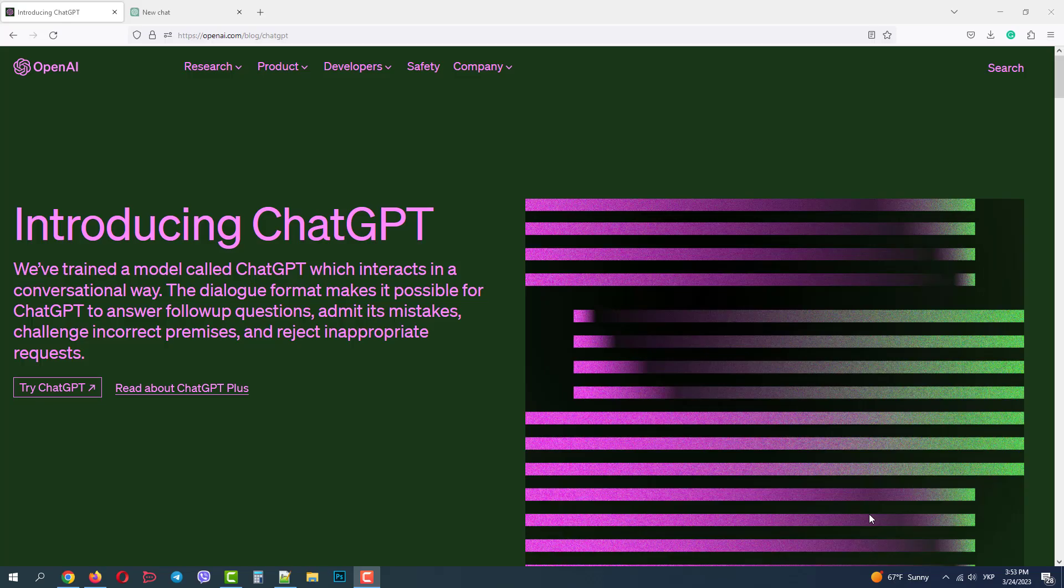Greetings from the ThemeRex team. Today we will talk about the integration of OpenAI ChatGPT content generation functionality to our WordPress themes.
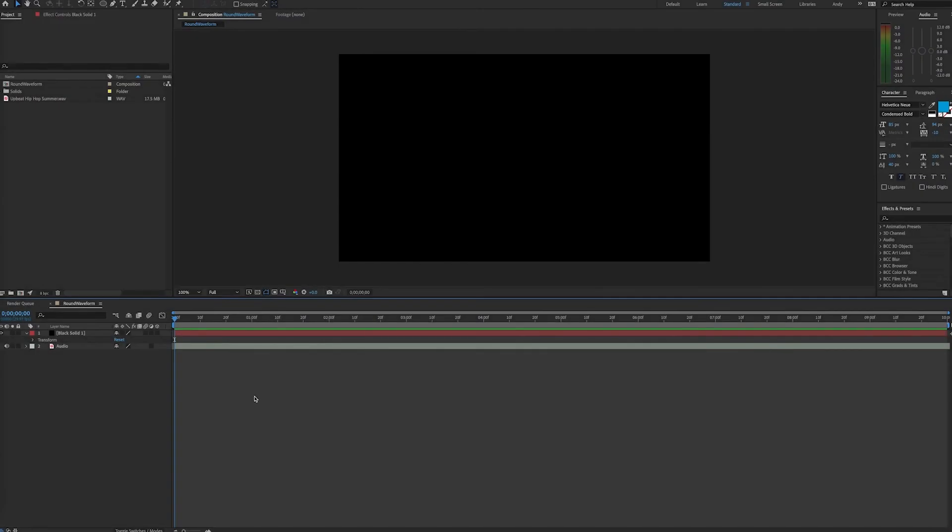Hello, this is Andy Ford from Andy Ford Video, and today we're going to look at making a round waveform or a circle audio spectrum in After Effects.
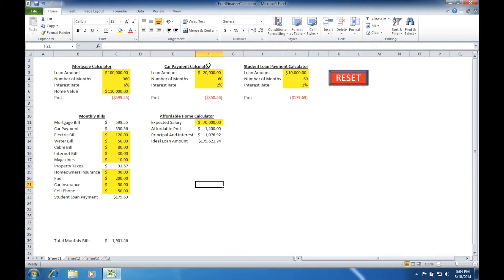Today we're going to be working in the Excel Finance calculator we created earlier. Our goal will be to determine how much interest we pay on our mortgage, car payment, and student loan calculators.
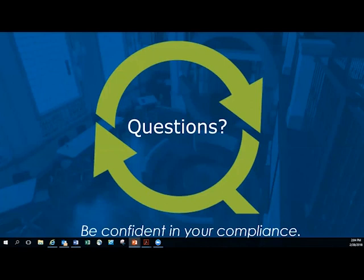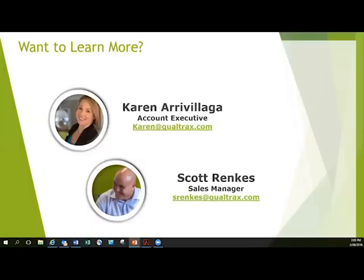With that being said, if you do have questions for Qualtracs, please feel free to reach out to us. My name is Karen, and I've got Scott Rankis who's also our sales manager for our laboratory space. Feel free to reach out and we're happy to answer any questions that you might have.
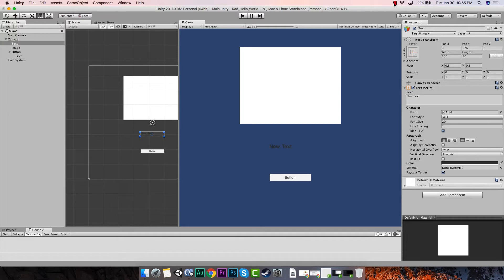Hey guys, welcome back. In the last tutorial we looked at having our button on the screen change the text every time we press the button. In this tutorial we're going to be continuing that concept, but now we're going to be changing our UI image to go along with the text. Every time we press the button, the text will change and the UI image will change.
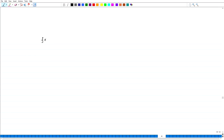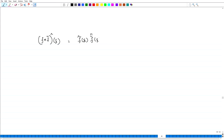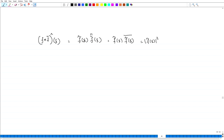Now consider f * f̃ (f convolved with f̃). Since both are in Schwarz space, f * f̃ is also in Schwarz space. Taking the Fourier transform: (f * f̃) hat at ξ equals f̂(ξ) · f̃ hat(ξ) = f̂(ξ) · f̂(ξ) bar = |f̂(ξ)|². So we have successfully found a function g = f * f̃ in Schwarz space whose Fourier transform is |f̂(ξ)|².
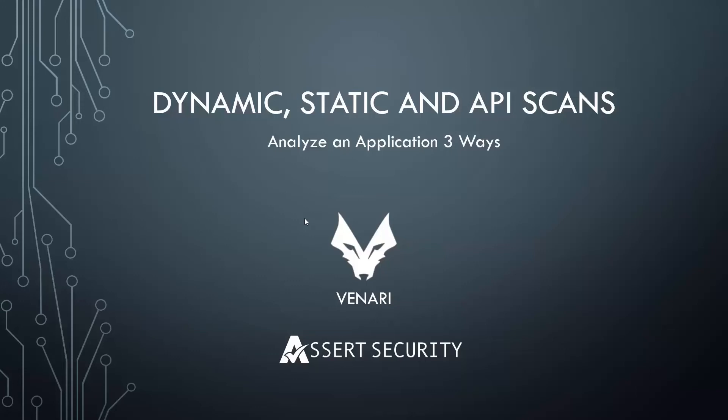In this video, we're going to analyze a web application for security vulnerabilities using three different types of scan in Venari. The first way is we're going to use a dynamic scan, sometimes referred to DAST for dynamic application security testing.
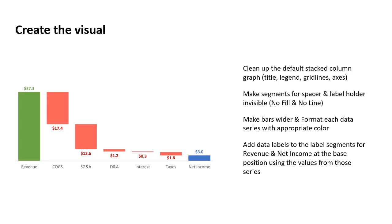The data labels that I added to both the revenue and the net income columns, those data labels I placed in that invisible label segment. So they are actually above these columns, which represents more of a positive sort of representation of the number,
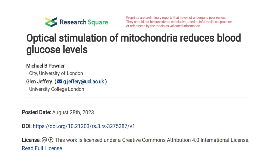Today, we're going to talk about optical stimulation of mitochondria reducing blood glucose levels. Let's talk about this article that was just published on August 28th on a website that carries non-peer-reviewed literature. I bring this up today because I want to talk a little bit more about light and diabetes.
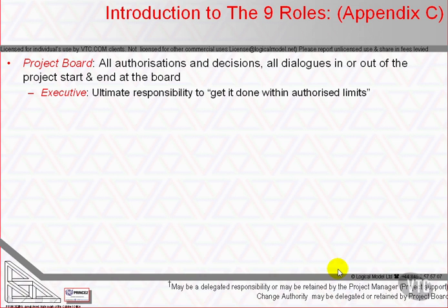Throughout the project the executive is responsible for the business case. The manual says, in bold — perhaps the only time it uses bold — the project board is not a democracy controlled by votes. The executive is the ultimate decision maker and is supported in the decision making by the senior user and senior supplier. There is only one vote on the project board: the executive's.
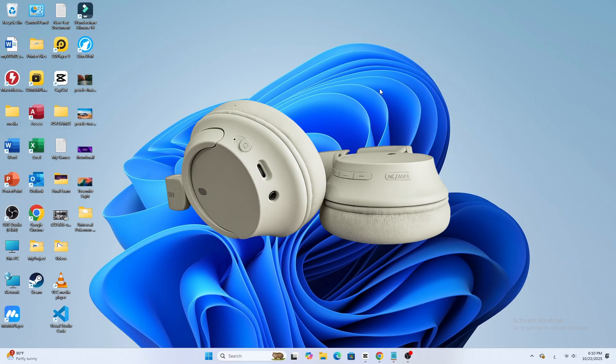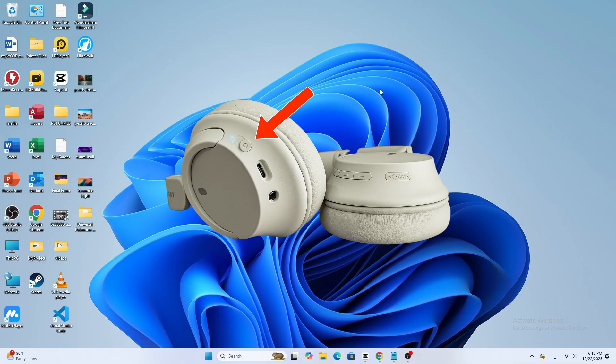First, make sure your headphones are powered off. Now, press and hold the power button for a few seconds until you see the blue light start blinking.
● ● ●
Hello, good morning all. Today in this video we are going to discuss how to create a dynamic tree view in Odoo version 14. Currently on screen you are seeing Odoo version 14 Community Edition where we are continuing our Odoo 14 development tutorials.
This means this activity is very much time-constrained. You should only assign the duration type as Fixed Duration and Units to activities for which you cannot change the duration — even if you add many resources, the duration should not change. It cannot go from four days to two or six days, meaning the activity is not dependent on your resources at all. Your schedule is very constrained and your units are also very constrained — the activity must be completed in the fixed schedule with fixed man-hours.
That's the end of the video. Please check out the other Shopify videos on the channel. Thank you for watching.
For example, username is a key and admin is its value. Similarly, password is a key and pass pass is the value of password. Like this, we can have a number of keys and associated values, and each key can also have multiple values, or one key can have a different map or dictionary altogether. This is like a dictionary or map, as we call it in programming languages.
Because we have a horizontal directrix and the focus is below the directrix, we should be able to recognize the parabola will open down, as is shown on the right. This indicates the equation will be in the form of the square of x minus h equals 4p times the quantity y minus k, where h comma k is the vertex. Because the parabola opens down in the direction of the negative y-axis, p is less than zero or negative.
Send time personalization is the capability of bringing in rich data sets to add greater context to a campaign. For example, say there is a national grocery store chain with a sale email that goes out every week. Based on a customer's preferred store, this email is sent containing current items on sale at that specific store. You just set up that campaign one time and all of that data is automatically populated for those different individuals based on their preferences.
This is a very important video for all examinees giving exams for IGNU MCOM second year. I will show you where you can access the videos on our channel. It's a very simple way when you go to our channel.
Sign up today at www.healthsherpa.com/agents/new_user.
● ● ●
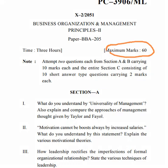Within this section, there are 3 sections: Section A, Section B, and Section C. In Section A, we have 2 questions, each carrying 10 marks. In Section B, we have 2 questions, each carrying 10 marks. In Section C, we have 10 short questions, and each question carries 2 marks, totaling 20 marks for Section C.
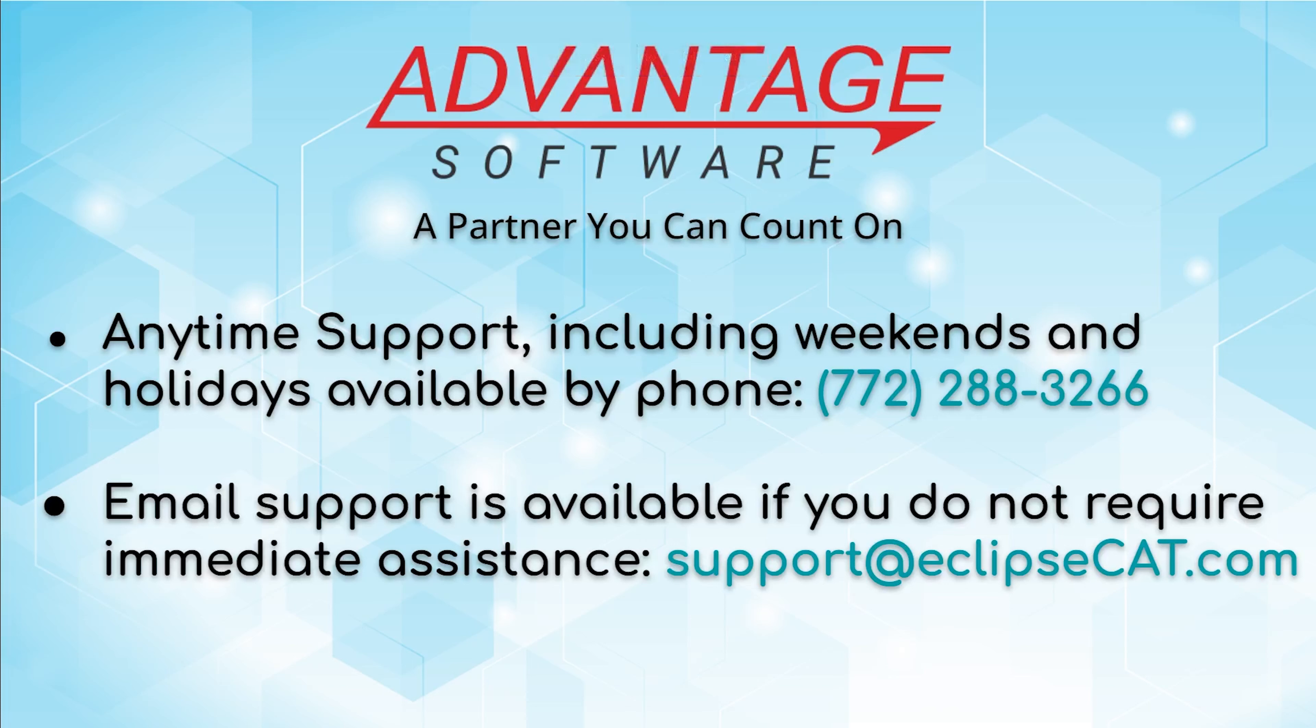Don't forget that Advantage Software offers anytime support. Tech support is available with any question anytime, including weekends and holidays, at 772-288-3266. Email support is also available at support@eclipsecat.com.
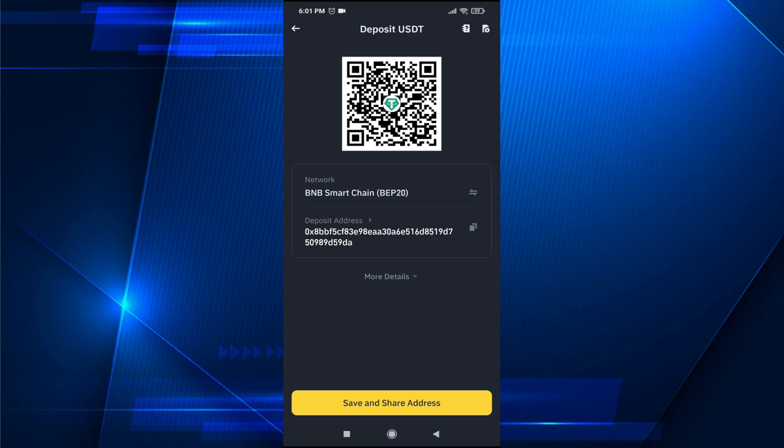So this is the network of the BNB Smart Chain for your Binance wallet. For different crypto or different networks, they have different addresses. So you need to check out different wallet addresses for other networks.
● ● ●
Exercise details
Between and including the line with "Don't forget that" and the line with "So this is the", repeat every line exactly as it appears above, with pictures left out.

Task solution
Don't forget that Advantage Software offers anytime support. Tech support is available with any question anytime, including weekends and holidays, at 772-288-3266. Email support is also available at support@eclipsecat.com.
So this is the network of the BNB Smart Chain for your Binance wallet. For different crypto or different networks, they have different addresses. So you need to check out different wallet addresses for other networks.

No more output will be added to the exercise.